* What is required *
From the line containing "Stylish Kids Long" to the line containing "Stainless Steel Square" in the records below, set down every line exactly as it stands, both ends included, and skip the pictures.

* Available records *
----
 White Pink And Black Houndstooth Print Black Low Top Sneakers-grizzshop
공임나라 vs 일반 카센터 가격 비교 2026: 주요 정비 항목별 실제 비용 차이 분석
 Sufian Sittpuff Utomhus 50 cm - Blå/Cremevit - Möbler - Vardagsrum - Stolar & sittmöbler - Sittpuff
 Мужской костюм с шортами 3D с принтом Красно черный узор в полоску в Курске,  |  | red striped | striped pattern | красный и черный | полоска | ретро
----
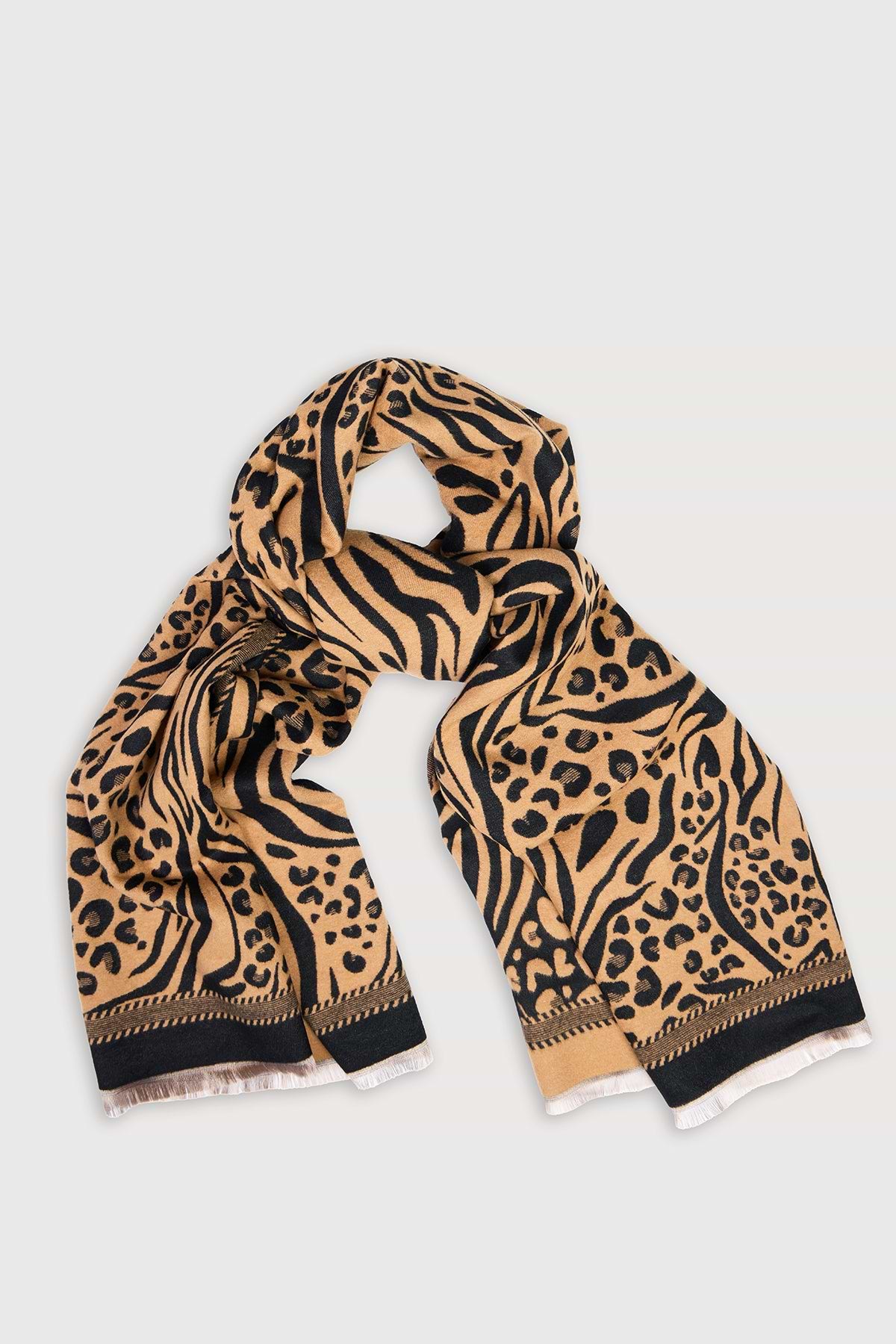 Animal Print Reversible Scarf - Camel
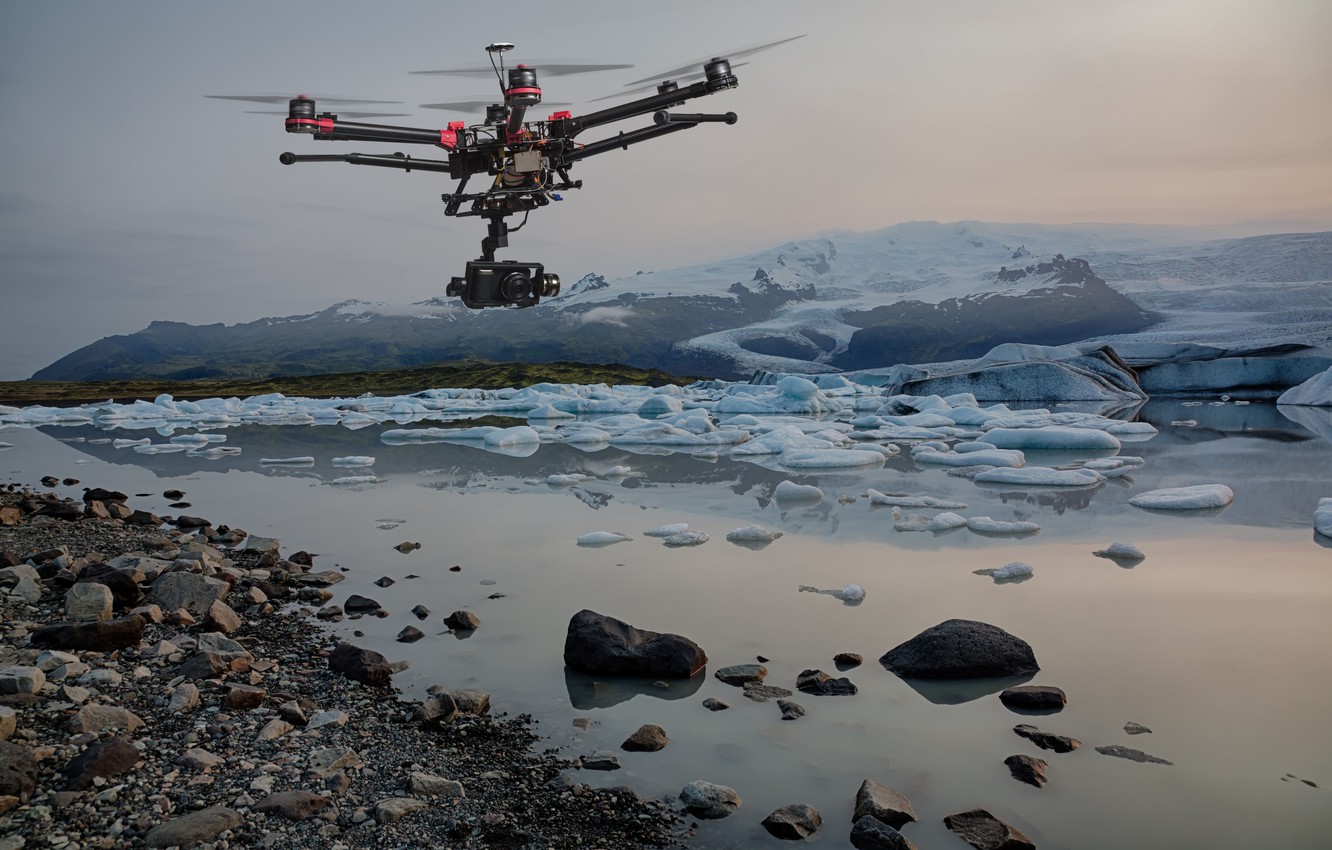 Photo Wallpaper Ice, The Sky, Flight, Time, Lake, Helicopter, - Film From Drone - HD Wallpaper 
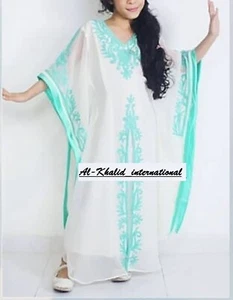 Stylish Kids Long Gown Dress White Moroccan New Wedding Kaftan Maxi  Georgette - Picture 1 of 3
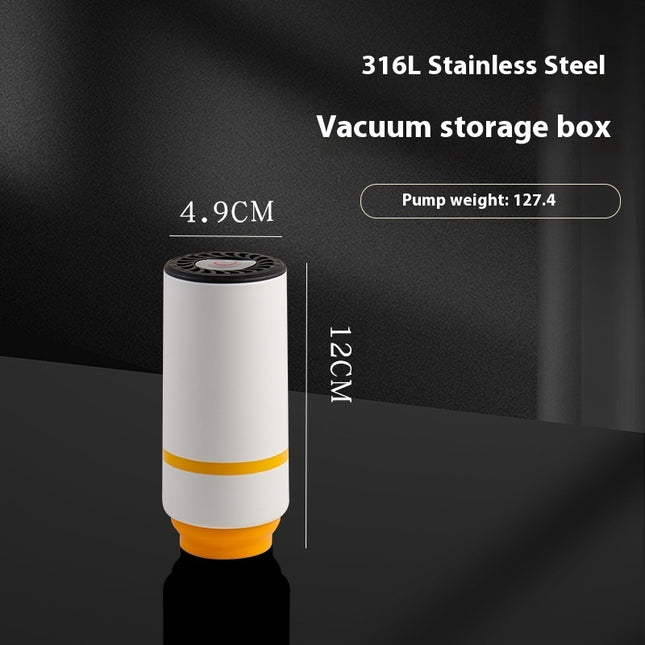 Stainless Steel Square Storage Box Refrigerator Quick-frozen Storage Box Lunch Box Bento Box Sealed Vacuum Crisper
----
* Exercise output *
 Stylish Kids Long Gown Dress White Moroccan New Wedding Kaftan Maxi  Georgette - Picture 1 of 3
 Stainless Steel Square Storage Box Refrigerator Quick-frozen Storage Box Lunch Box Bento Box Sealed Vacuum Crisper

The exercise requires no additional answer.